2. L’objectif de ce nouveau paquet budgétaire est triple : (i) Prévenir et se préparer à faire face à la crise sanitaire ; (ii) Maintenir un niveau de revenu décent pour les ménages, notamment pour les plus défavorisés ; (ii) Soulager le besoin de liquidité des entreprises – avec comme finalité de limiter les dégâts engendrés par la crise et de faciliter le redémarrage de l’économie. Alors que près de 30% de la population active était au chômage avant le début de la crise, le mois de confinement commençait à peser fortement sur les revenus des plus vulnérables, avec l’apparition de problématiques d’accès à la nourriture et des débuts d’émeutes dans les townships. Par ailleurs, un autre objectif majeur du plan est de limiter les faillites d’entreprise et les licenciements, alors que l’arrêt presque total de l’activité pèse fortement sur la liquidité des entreprises. Ces mesures sont complémentaires avec le plan d’ampleur mis en œuvre par la banque centrale (South African Reserve Bank – SARB) : baisse de deux points du taux directeur, facilitation de l’accès à la liquidité pour les banques, assouplissement de la règlementation prudentielle, intervention sur le marché obligataire secondaire.

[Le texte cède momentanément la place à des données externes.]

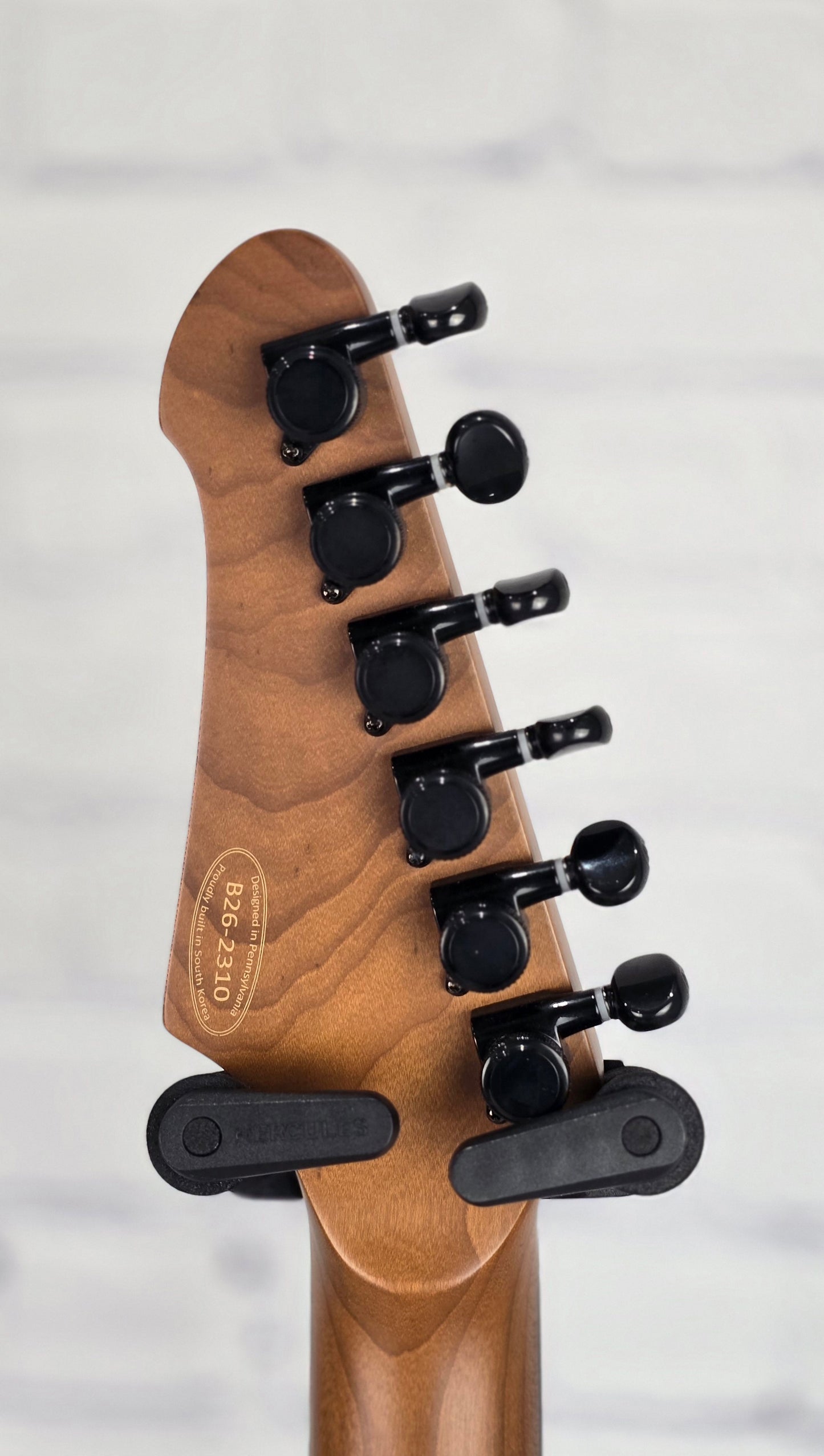 Balaguer Guitars Select Espada Modern 10th Anniversary 6 String Baritone Electric Guitar Rustic Black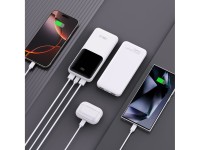 Powerbank Tech-Protect PB01 10000mAh 22.5W - branco Powerbank Tech-Protect PB01 10000mAh 22.5W - branco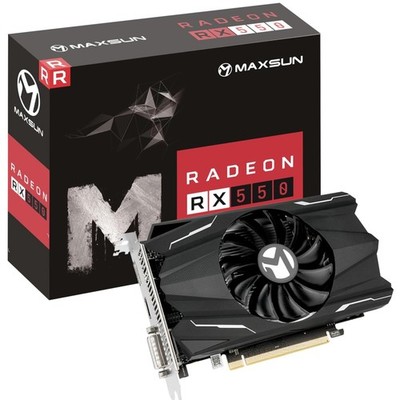 AMD Radeon RX 550 4GB GDDR5 Graphics Card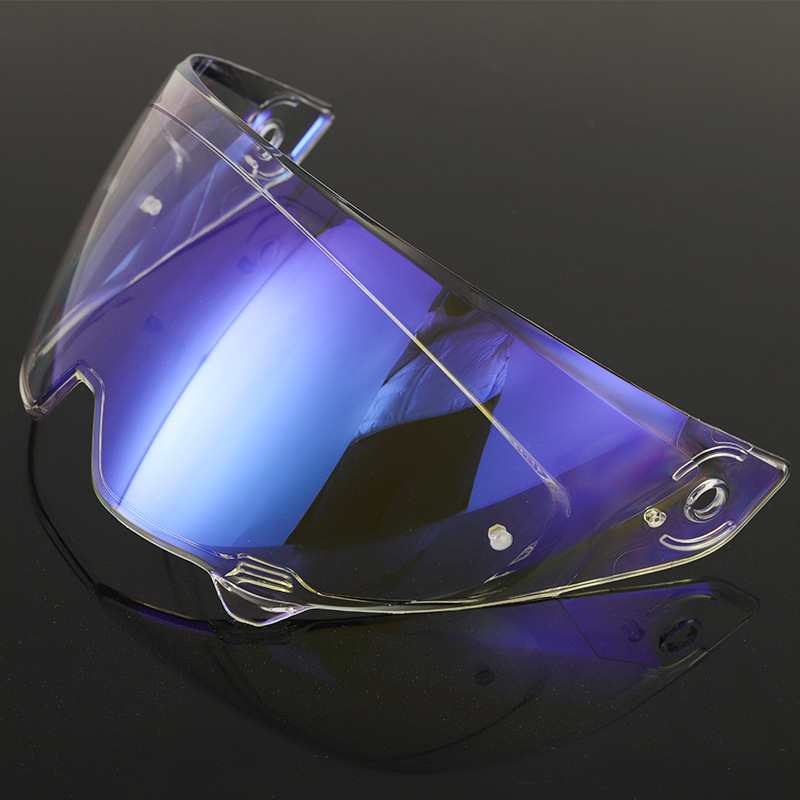 Motuoche – Motorcycle Helmet Dəbilqə (Kaska) aksesuarları - transparent-revo-blue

3. Alors que l’Afrique du Sud a abordé la crise du Covid-19 dans un contexte économique et budgétaire très dégradé, ces dépenses additionnelles vont mener les finances publiques du pays sur un chemin de moins en moins soutenable. Avant même ce nouvel effort budgétaire, sur la base d’une contraction de l’économie de 6%, le FMI tablait sur un déficit public supérieur à 13% du PIB (contre -6,8% du PIB anticipé dans la loi de finances), ce qui devait déjà porter la dette publique à 80% du PIB dans les douze à vingt-quatre prochains mois, contre un peu plus de 60% actuellement.

4. Hors réallocations sur l’exercice budgétaire entamé au 1er avril (130 Mds ZAR) et hors garanties de prêts (200 Mds ZAR), l’impact budgétaire net de ce nouveau plan sera supérieur à 3% du PIB, obligeant le gouvernement à mobiliser de nouvelles sources de financement, dans un contexte de forte augmentation des taux obligataires. En temps normal, le gouvernement aurait eu recours à l’émission de bons du Trésor domestiques pour absorber le besoin de financement additionnel, grâce à la profondeur et à la liquidité du marché des capitaux sud-africain. Toutefois, l’ampleur du montant et la dégradation des conditions de financement de l’Etat (fuite des capitaux, double dégradation de la notation souveraine par Moody’s et Fitch – malgré l’intervention massive de la SARB sur le marché obligataire) vont obliger le gouvernement à trouver d’autres moyens de financement. Pour faire face à ce besoin, le président a évoqué le recours à des sources locales comme le fonds d’assurance chômage (Unemployment Insurance Fund, dont la valeur nette des actifs est actuellement estimée à 150 Mds ZAR – 7,3 Mds EUR). Le président a également fait état des discussions en cours avec les bailleurs et les Institutions Financières Internationales (IFIs), ce qui constituerait un changement d’approche radical de la part du gouvernement sud-africain, habituellement très prudent lorsqu’il s’agit d’emprunter en souverain auprès des bailleurs et auprès du FMI et de la Banque Mondiale pour des raisons idéologique et historique. La signature d’un prêt d’1 à 2 Mds USD de la New Development Bank (banque des BRICS) serait imminente.


[1] Jusqu’à maintenant, le plan du gouvernement se résumait (i) à la mobilisation et à l’extension du fonds d’indemnisation du chômage – 40 Mds ZAR ; (ii) à des mesures fiscales en faveur des bas salaires et des PME – environ 15 Mds ZAR ; (iii) à la mise en place de plusieurs fonds de soutien financier, notamment sectoriels, en faveur des entreprises en difficulté – environ 4 Mds ZAR (voir la NDI-2020-0161224).